After reviewing the record, the Court does not find that a remand is warranted. Through the briefing process, the parties now agree the following facts are undisputed. First, the only potentially applicable listing is Section 3.02 for chronic pulmonary conditions. There has never been any claim that plaintiff has cystic fibrosis. Accordingly, as set forth in her reply brief, plaintiff agrees that Section 3.04 (cystic fibrosis) is "admittedly irrelevant." Dkt. # 22 at p.1. Second, based on the FEV1 tests performed by plaintiff's own treating pulmonologist (Dr. Ingrassia), plaintiff did not meet the requirements of Section 3.02. Third, after reviewing these tests and other medical evidence, Dr. Rosch also concluded that plaintiff did not meet any of the pulmonary listings. See R. 56 (in this portion of her testimony she cites to both Sections 3.02 and 3.04).
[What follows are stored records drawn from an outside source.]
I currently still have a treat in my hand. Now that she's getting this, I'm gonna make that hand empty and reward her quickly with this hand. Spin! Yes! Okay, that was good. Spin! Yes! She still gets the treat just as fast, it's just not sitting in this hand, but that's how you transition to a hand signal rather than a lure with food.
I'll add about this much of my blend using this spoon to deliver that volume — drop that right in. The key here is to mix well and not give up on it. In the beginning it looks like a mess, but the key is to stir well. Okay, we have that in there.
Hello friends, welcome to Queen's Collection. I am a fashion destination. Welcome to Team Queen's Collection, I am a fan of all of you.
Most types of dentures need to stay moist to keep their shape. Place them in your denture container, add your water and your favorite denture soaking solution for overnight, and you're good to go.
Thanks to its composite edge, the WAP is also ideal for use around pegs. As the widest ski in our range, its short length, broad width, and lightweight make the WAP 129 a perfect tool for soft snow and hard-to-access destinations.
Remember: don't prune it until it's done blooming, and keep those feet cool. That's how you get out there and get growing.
In sum, based on the current record, but excluding the results from the Ramchandani test, there is no possibility that if the ALJ had applied the more rigorous standard of Section 3.02, the ALJ would have concluded that plaintiff met that listing. Both Sections 3.02 and 3.04 are straightforward with no discretion involved. They simply involve looking up numbers on a table. Plaintiff does not dispute this conclusion.[2]

Plaintiff argues instead that, after Dr. Rosch testified that Dr. Ramchandani's FEV1 test did not meet social security standards, the ALJ should have then ordered a new spirometry test. This Court disagrees. The evidence above, which includes two medical opinions, is sufficient. As discussed in Section I, the "decision to summon a medical expert is discretionary, " and while the ALJ could have called for another test, this Court cannot find fault based on the current record if the ALJ simply "chose not to do so." See, e.g., Tichenor, 2015 WL 1455702 at *6. Plaintiff has not cited to any case suggesting that an expert must be called in this type of situation.
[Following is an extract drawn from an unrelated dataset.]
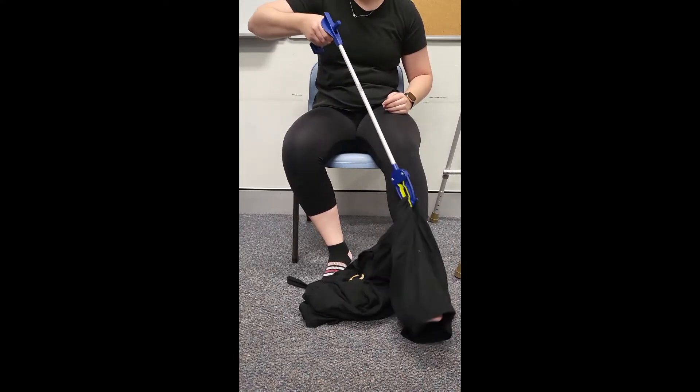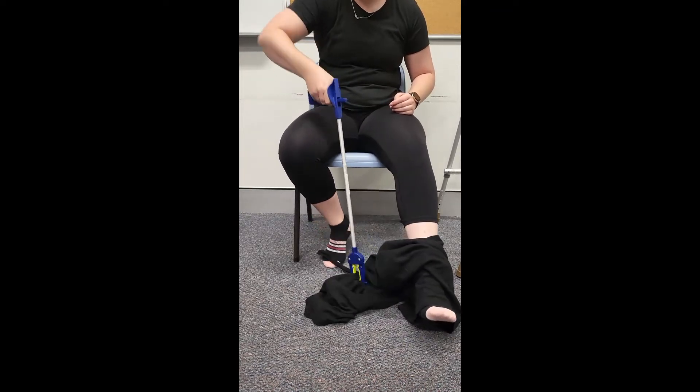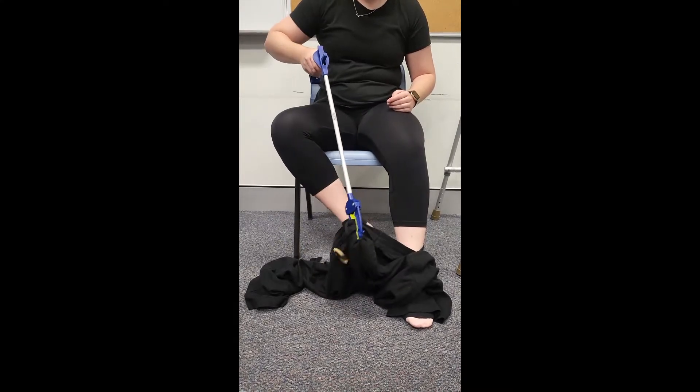First, position the pants on the floor and use the reacher to guide the correct pant leg over the affected side first. Repeat this step for the opposite leg.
Plaintiff's only argument is this sentence in her reply brief: "it would seem that the Defendant, who earlier wanted a consulting spirometry done, would still want one done - so simple would it have been for the Administrative Law Judge to order a post-hearing one." Dkt. #22 at p. 1-2. This argument is speculative. For one thing, as the generic reference to "the Defendant" suggests, it does not appear that it was the ALJ who initially made the decision to order the first spirometry test, which was done over a year before the hearing. Even if the ALJ had made the earlier decision, this does not mean that the ALJ was bound by that decision. Instead, the ALJ reasonably could have concluded, after listening to testimony at the hearing and after reviewing all the medical evidence, that the current record was clear enough and provided substantial supported for a finding of no disability.
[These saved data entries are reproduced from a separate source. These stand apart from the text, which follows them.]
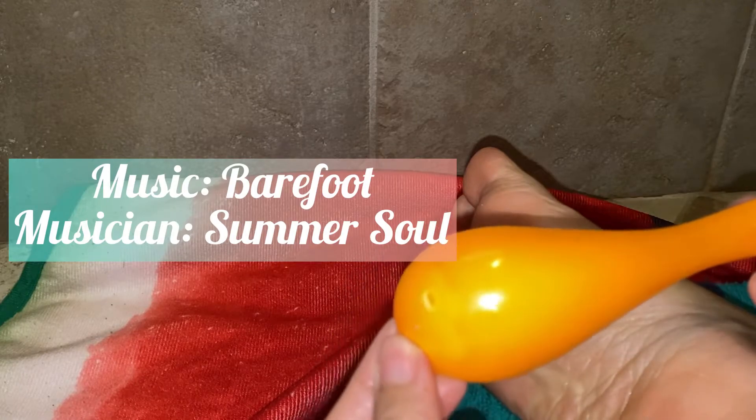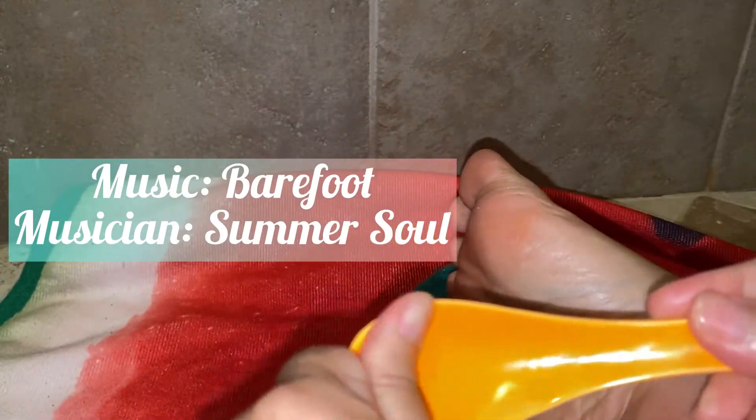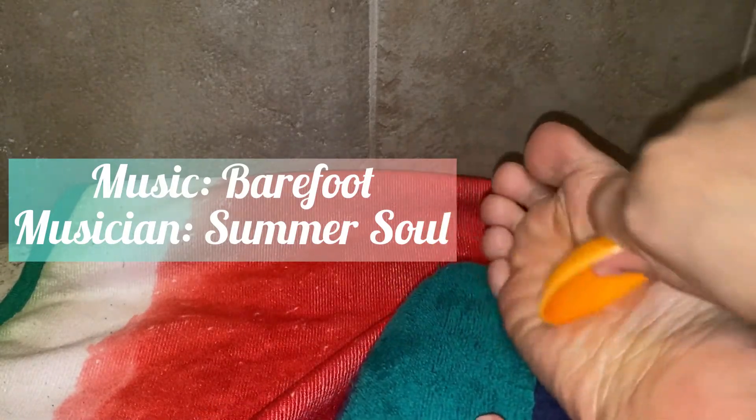You can get the tool from an Asian store, like PJ's or Asia Market, or from Amazon. I like to use it to scrape, like this.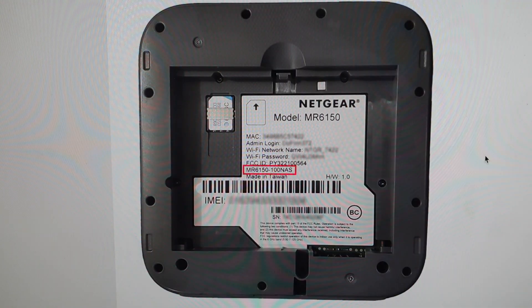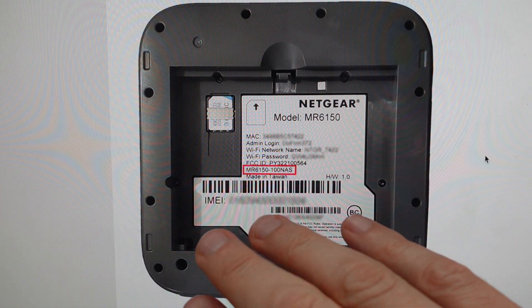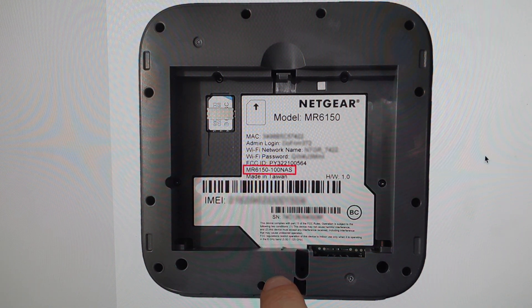All we need to do is remove the battery cover as shown here. Now in this one the battery has actually been removed, but we don't want to actually remove the battery. We just want to remove the battery cover leaving the battery in, and then we're going to locate the reset button — which you can actually see here, it says reset — with the reset button right next to it.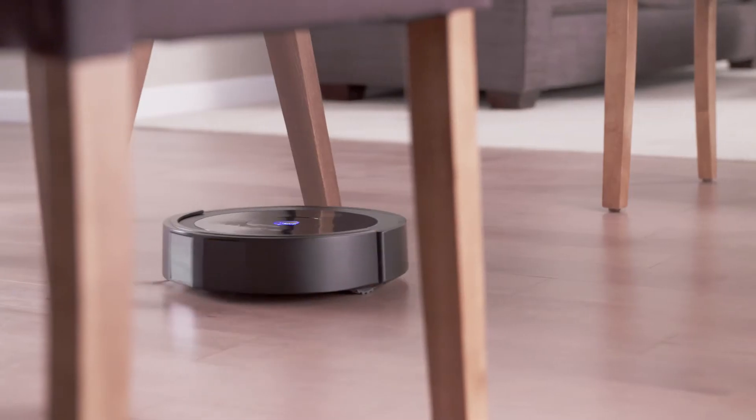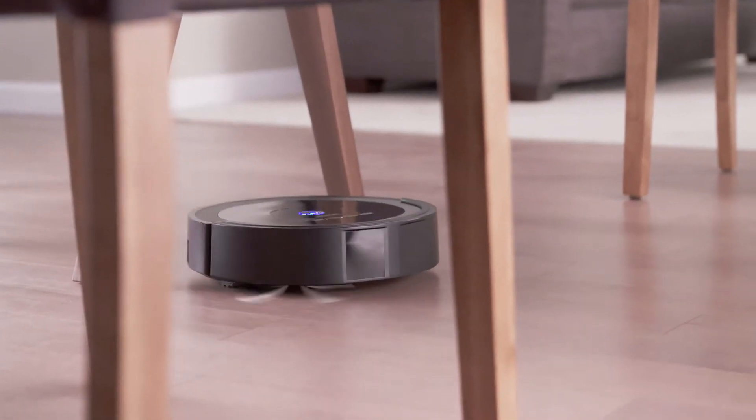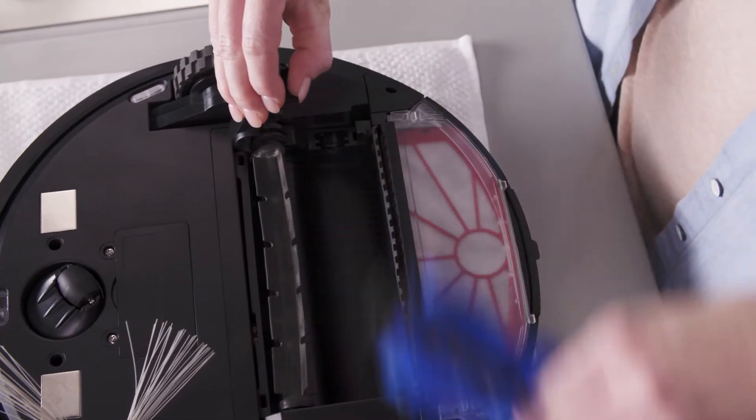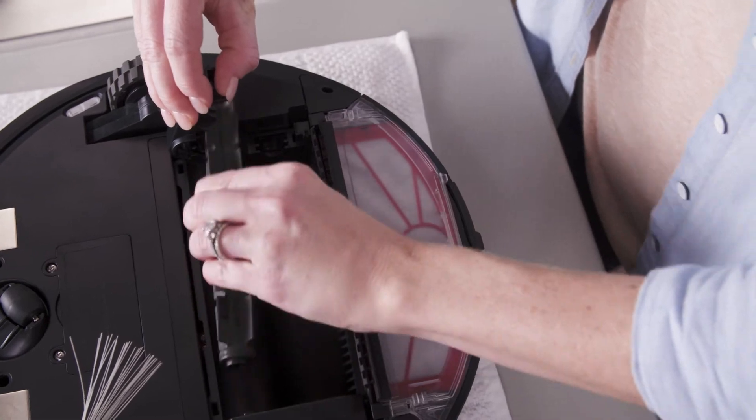Your Quest 1000 Brush Roll should be kept clean and clear of debris. First, switch off the vacuum, then unlock the locking bar and lift it up. Remove the main and middle brushes.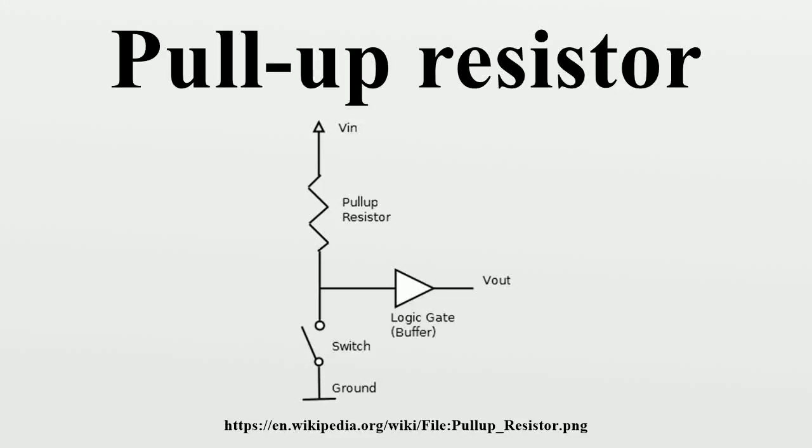In electronic logic circuits, a pull-up resistor is a resistor connected between a signal conductor and a positive power supply voltage to ensure that the signal will be a valid logic level if external devices are disconnected or high impedance is introduced. They may also be used at the interface between two different types of logic devices, possibly operating at different logic levels and power supply voltages. A pull-up resistor pulls the voltage of the signal it is connected to towards its voltage source level.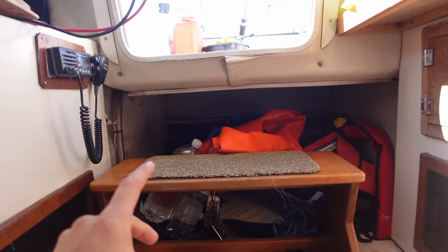That's it for this short tour of my new-to-me Telstar 28 called Mingle. There will be a more in-depth tour coming soon going into a lot more detail and delving into all of the issues I need to fix. Join me in the next episode where I had to get this boat out of the water and onto a trailer so I can get her home and start on all of the projects before next season. Thanks for watching and I'll see you guys in the next one.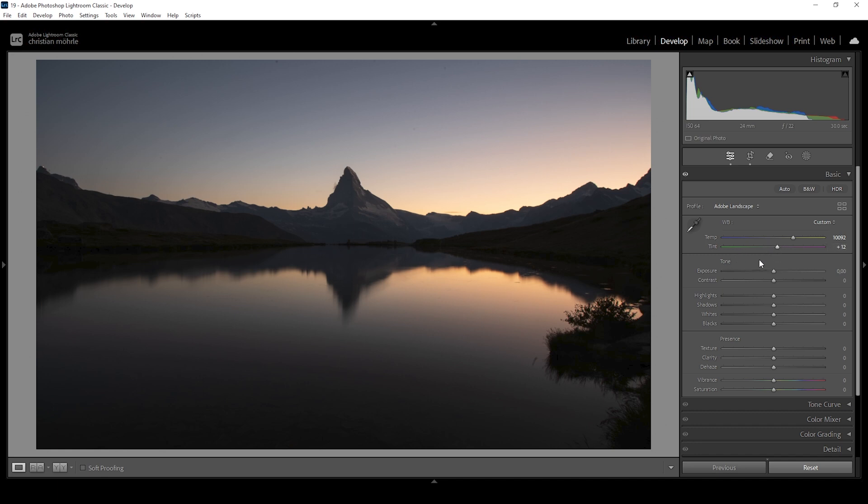With the tint slider I'm always very careful because you can easily overdo it. I think somewhere around plus 12 is fine. Now the colors look very good already. What we want to do next is to adjust the exposure — we can bring up the general exposure a little bit just to tickle out some details from the shadows. But a better way to do that is to simply raise the shadows slider. Thanks to the raw files of modern day cameras, we can get quite a lot of details out of unexposed scenes. Looking at the histogram, you can see we do have a clipping warning in the shadows.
As the government argues in its response brief, the ALJ did not believe that plaintiff had serious pulmonary deficiencies. The ALJ noted the following: (i) plaintiff's COPD never required hospitalization or emergency treatment (R. 18); (ii) plaintiff never used a nebulizer or other breathing machine (R. 18); (iii) when plaintiff saw her family physician on October 24, 2008 she denied having any respiratory symptoms (R. 16) (iv) plaintiff rarely visited Dr. Ingrassia who recommended no treatment aside from quitting smoking (R. 16); (v) the FEV1 tests done by Dr. Ingrassia, which did not even meet the listing, were "all obtained pre-treatment, with no post-bronchodilator responses recorded" (R. 15); (vi) "Dr. Ingrassia notably declined to provide a medical source statement, despite [plaintiff's] express request" (R. 19); and (vii) plaintiff provided inconsistent testimony about why she quit her job of 14 years and about her daily activities. Dkt. # 21 at p.9. Plaintiff does not address any of this evidence in her two briefs. This evidence further confirms that the ALJ did not find that another spirometry test was called for given the evidence already in the record. This Court cannot second-guess that decision.


For the reasons given, plaintiff's motion for summary judgment is denied, the government's motion is granted, and the decision of the ALJ is affirmed.